Good Testing Data is All You Need – Guest Post

January 18, 2021

Authored by Raviv Pavel, CTO and Co-founder @ Neural Guardpublished by author approval 


    • Neural Guard’s successful methodology and process to build datasets for DL models that optimize ROI and Time-To-Market to significantly increase competitiveness
    • How ClearML Hyper-Datasets provided all the functionality required in a single MLOps solution to build specialized pipelines on top and connect to the rest of the research and production environments
    • Step-by-step of the methodology, process, and implementation

A Methodology for Optimizing Dataset ROI & Maximizing TTM in Applied AI

Building machine learning (ML) and deep learning (DL) models requires plenty of data as a training-set and a test-set where the model is tested against and evaluated. Best practices related to the setup of train-sets and test-sets have evolved in academic circles; however, within the context of applied data science, organizations must consider a very different set of requirements and goals. Ultimately, any model a company builds aims to address a business problem, and in this context there are two overarching goals: build with the highest return-on-investment (ROI) and at the fastest time-to-market (TTM). Both have significant financial implications – especially TTM, which, beyond reducing direct costs, allows them to get to market faster than competitors and gain tactical and strategic financial advantages as a result.

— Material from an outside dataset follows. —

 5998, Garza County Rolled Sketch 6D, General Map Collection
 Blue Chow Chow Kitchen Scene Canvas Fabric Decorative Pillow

Neural Guard produces automated threat detection solutions powered by AI for the security screening market. We detect specific, high-risk items in CT and X-Ray imagery by leveraging neural networks to analyze a security scanner’s output. In this blog post, we discuss the methodology we have developed for building datasets for DL models that optimize ROI and TTM, which enabled us to significantly increase our competitiveness within this market.

As any data scientist knows, to validate a model one needs to set aside its testing data. It’s also a no-brainer that the test data cannot be part of the training dataset itself

The standard practice in academic research is to first create a train-set, then set aside a small part for a test-set. Ultimately in academic research, algorithm and model performance are tested against well-known, accepted datasets, so that comparisons can be made. In these situations, the dataset is immutable and cannot be changed. For this goal, the methodology makes sense.

As a result, researchers and data scientists put most of their focus on the quality of the model, with datasets – as immutables – getting less focus; and the test-set almost a given. Granted, you want to make sure the test-set is reflective of the train-set. Any subset is either randomly picked or sometimes picked with a more sophisticated methodology, but still random methodology for each label, always maintaining the distribution of labels. However, that’s about it.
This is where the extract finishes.